When Daily Sun approached Ganiyat Isa, she said: “I am from Ibadan in Oyo State but I live in Lagos with my husband. I am a business woman in Lagos, I sell drinks, slippers, singlets and boxers etc but since I came to Abuja to visit mummy I have been assisting her in the shop. My son, Muhammadu Awual Isa lives with my mother here and goes to school. He comes to learn tyre servicing here after school. That is how I want it because I don’t want him to play around or join bad gang.
“I have five children, four boys and a girl. My first born is 15 years and is schooling at Ilorin while Goodluck will be 13 soon. Before I enrolled him here, I asked him what he will like to do after school because I will not like him to roam the streets after school. He was the one that told me he will like to learn this one. So after I informed my husband, (Ahmed Isa) about what I was planning to do, he was in support and ever since he joined close to four months ago, I can tell he is enjoying himself. His dad is an engineer and he has always admired him and wants to be an auto engineer like his dad. His Muslim name is Muhammadu Awual Isa, but they nicknamed him Goodluck at this place.”
When asked why he chose car servicing Goodluck said: “My mum wanted me to come here and learn after school and I will advise other parents to allow their children to do the same. My boss, Oga Wale is a good man and treats us well but if you are not obedient and observant, he will punish you.
“I close from school 2pm and come to the workshop once I change my clothes and I have had my lunch. The work does not disturb my studies because I study at night before I go to bed. My best subject is school is mathematics, last term I came second. I have been here for three months. Now I can change tyres very well. I want to be motor engineer in future. I am in primary 5.”
According to Adewale, the owner of alignment and tyre service center, he sees himself in Goodluck when he was growing up. “Goodluck’s mother approached me that she will like to have him come and be working here after school hours. But during holidays, he starts in the morning. He has been here for three months. For a child, his behaviour is perfect; he is even better than the adults because he listens to instructions and carries them out accordingly. He is quick to learn, easy to correct.
“If he carries on with the way he is going, he will be a professional in no time, say two or three years. But because he is a child, his strength is limited. If he were to be 15 years, he would have been doing between 50 to 60 percent of the work perfectly.
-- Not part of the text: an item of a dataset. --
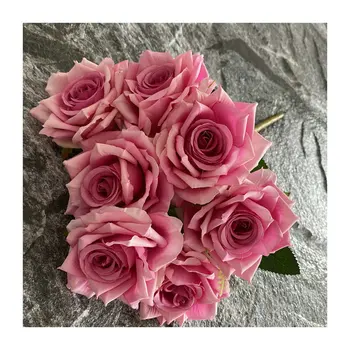 Mesterséges virág szimuláció Selyem rózsa csokor Esküvői fotózás kellékek Kezdőlap Nappali Kert Rózsaszín Narancssárga Hamis virágok dekoráció
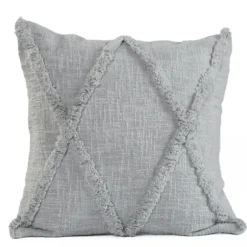 Pillows-Kirkland's Home Harbor Tufted Diamond Pillow, 18 In. Gray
But as a child, we have to take it a step at a time.
“The idea of parents allowing their children to learn handwork while in school is not just a good idea but the best idea whether the country’s economy is okay or not. The person I love so much in my life is my dad although he is now late. Everything he told me has come to pass. He was the one that advised me to go and learn any handwork of my choice, if I didn’t listen to him there is no way I will be where I am today. So parents should encourage their kids to learn handwork, it doesn’t have to be tyre servicing. Any area your child expresses interest, let he or she follow that path.
“At the stage Goodluck is, I cannot leave a car to him by himself to handle because the work is done stage by stage. There is a alignment, wheel balancing, vulcanizing, patching, service, oil drain and all of that. At the stage he is now, I can leave a car for him to gauge, because of his strength he cannot change tyre all by himself because some of the nuts are stiff and hard to loosen. Even though he has the knowledge on how to go about doing these things, he doesn’t have the commensurate strength to carry it out. He can also handle patching for now, he can pull out the tyre for patching. My child is also interested in the work I’m doing because he saw Goodluck but where I live is far from my work station. So he learns around the house area, another of my outfit not far from the house.”